++++ WORKING DATA ++++

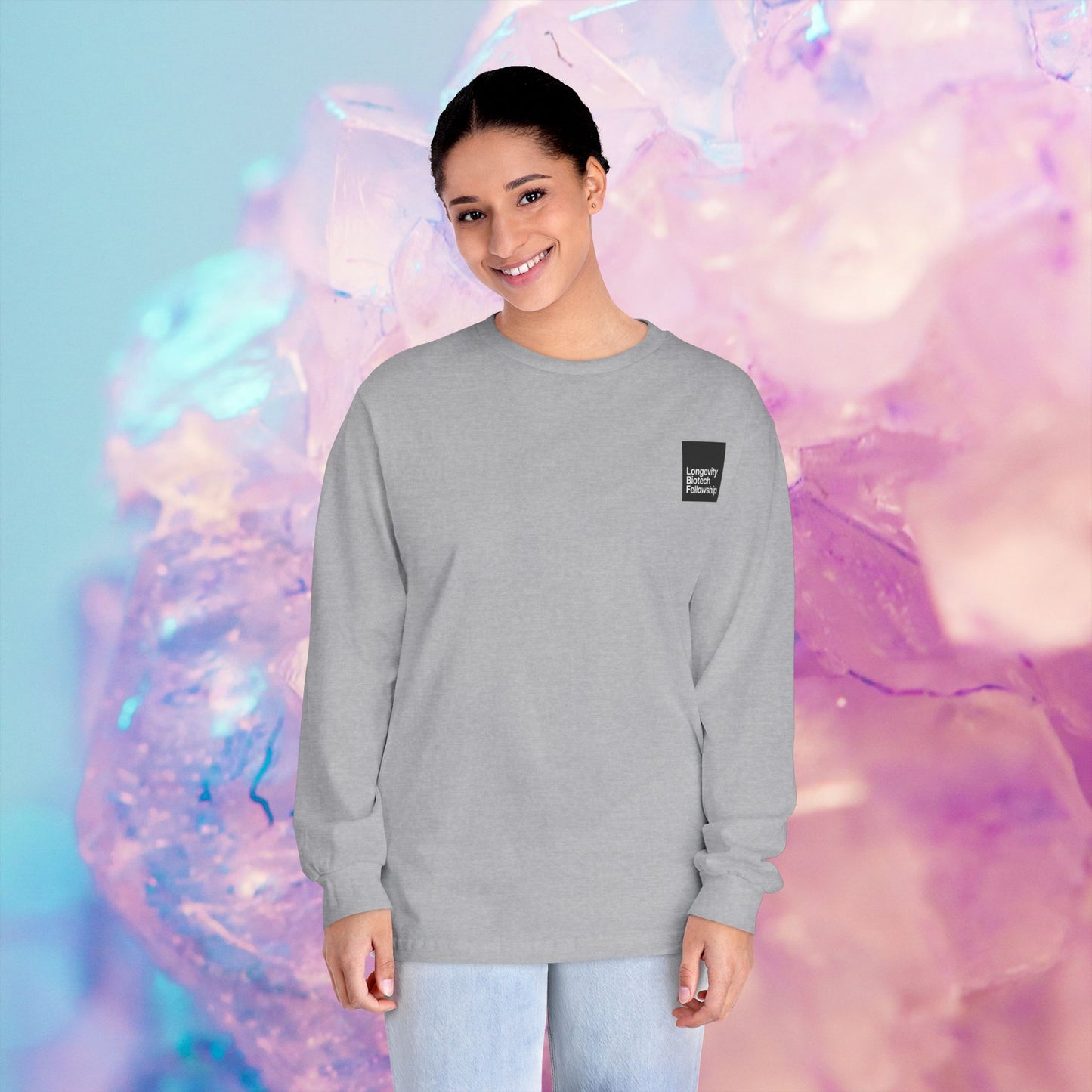 Long-Sleeve Hourglass LBF Shirt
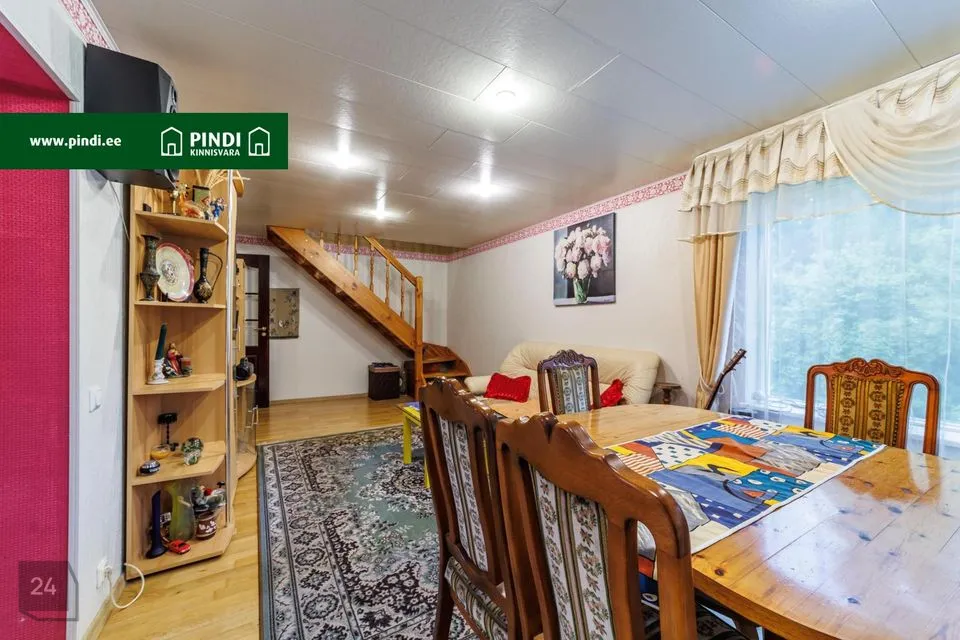 5-комнатная дом в Harku vald, Vääna-Jõesuu küla - фото 4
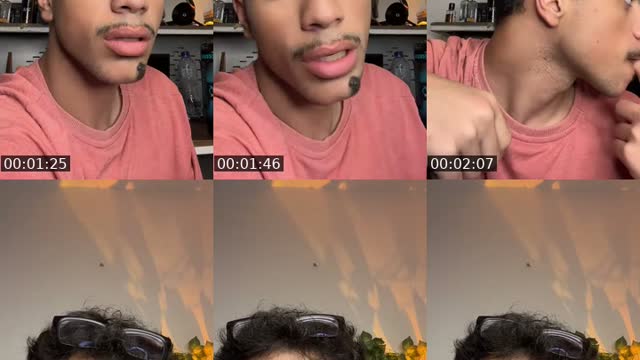 @adammssherif1 TikTok live
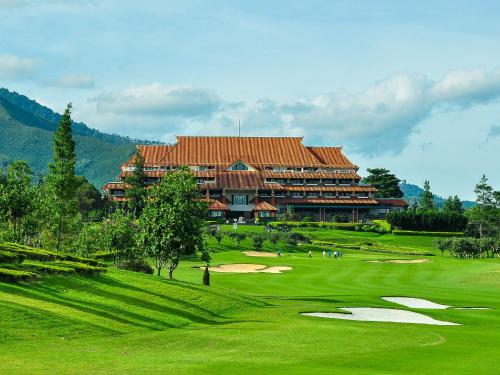 Фотографии гостиницы 
            Bandung Giri Gahana Golf & Resort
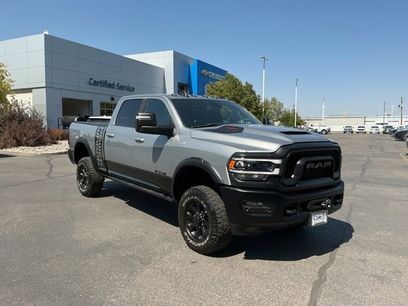 Used 2024 RAM 2500 Power Wagon w/ Level 1 Equipment Group
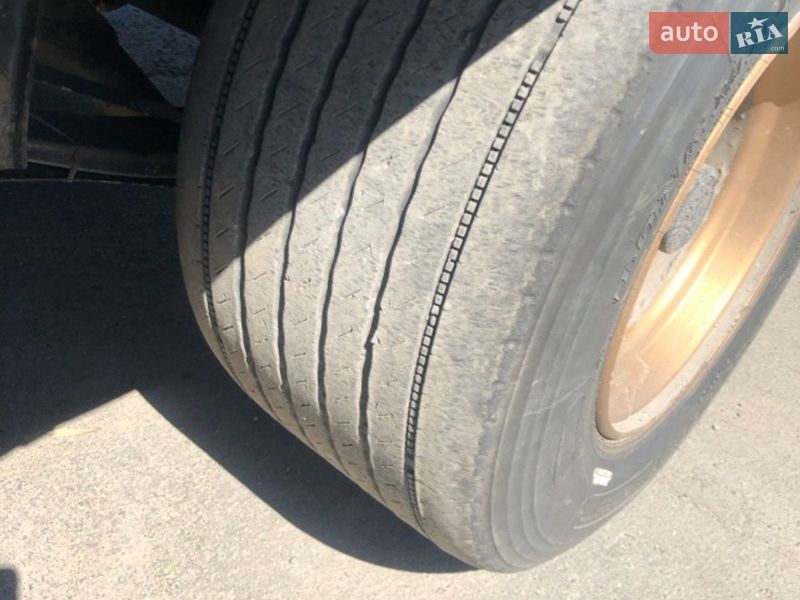 Тентованый DAF XF 105 2008 в Киеве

++++

◆ TASK STATEMENT
Set down a word-for-word copy of the records, dropping any picture.

◆ SOLVED PROBLEM
 Long-Sleeve Hourglass LBF Shirt
 5-комнатная дом в Harku vald, Vääna-Jõesuu küla - фото 4
 @adammssherif1 TikTok live
 Фотографии гостиницы 
            Bandung Giri Gahana Golf & Resort
 Used 2024 RAM 2500 Power Wagon w/ Level 1 Equipment Group
 Тентованый DAF XF 105 2008 в Киеве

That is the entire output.